◆ Data segment ◆
....

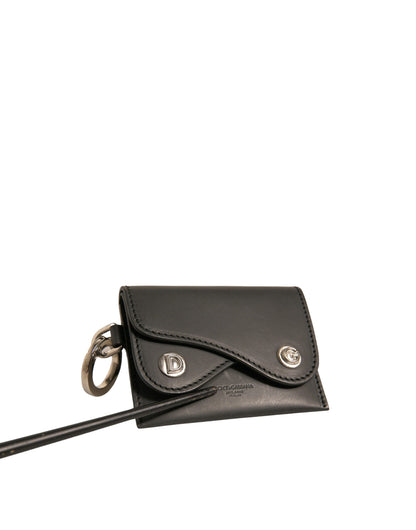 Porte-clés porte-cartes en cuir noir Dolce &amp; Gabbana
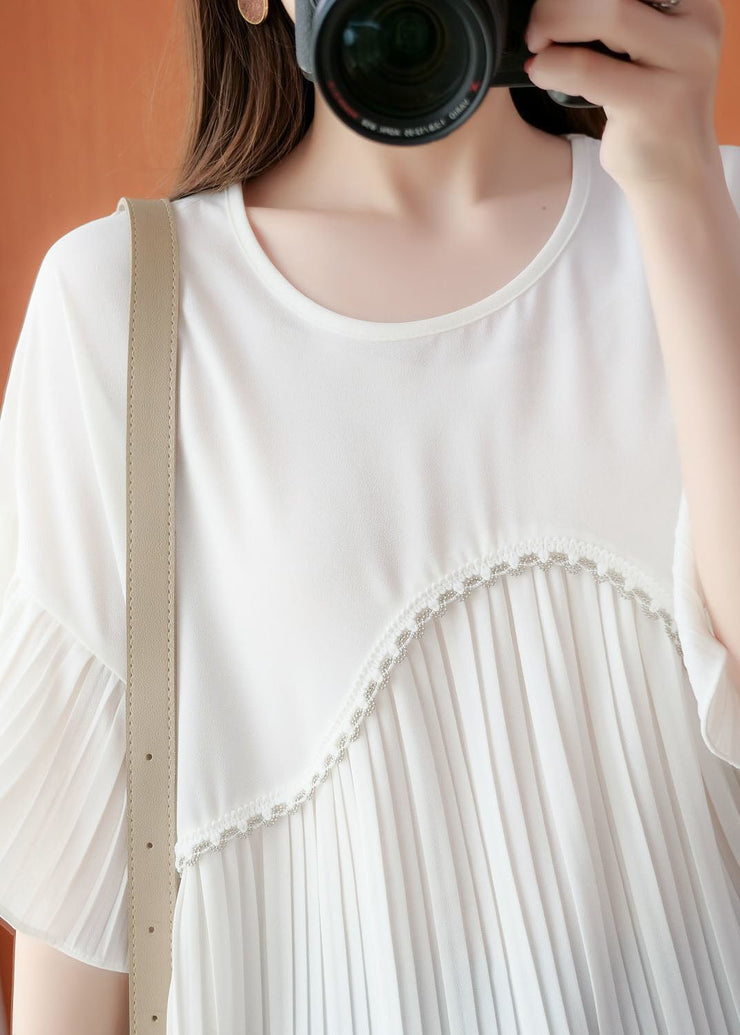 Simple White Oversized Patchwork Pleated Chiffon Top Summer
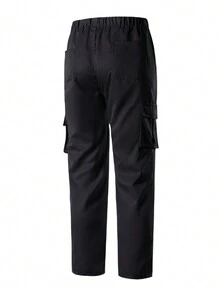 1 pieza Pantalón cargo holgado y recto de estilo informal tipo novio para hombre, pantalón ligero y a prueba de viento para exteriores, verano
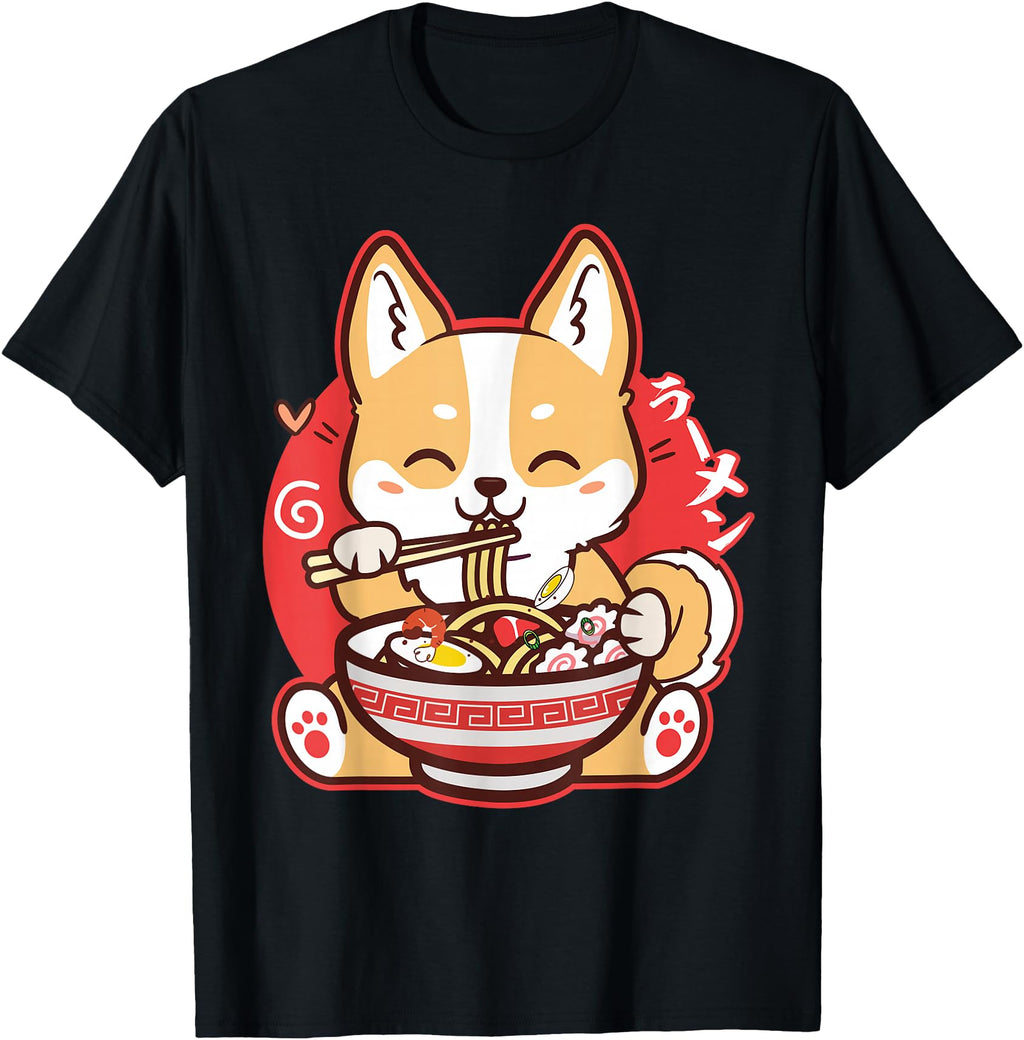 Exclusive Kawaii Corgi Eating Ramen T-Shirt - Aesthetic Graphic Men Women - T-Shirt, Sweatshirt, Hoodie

....

◆ Required work ◆
The copy must begin with the line containing "Simple White Oversized", end with the last line of the material, match each line exactly, and hold no pictures.

◆ Response for this exercise ◆
 Simple White Oversized Patchwork Pleated Chiffon Top Summer
 1 pieza Pantalón cargo holgado y recto de estilo informal tipo novio para hombre, pantalón ligero y a prueba de viento para exteriores, verano
 Exclusive Kawaii Corgi Eating Ramen T-Shirt - Aesthetic Graphic Men Women - T-Shirt, Sweatshirt, Hoodie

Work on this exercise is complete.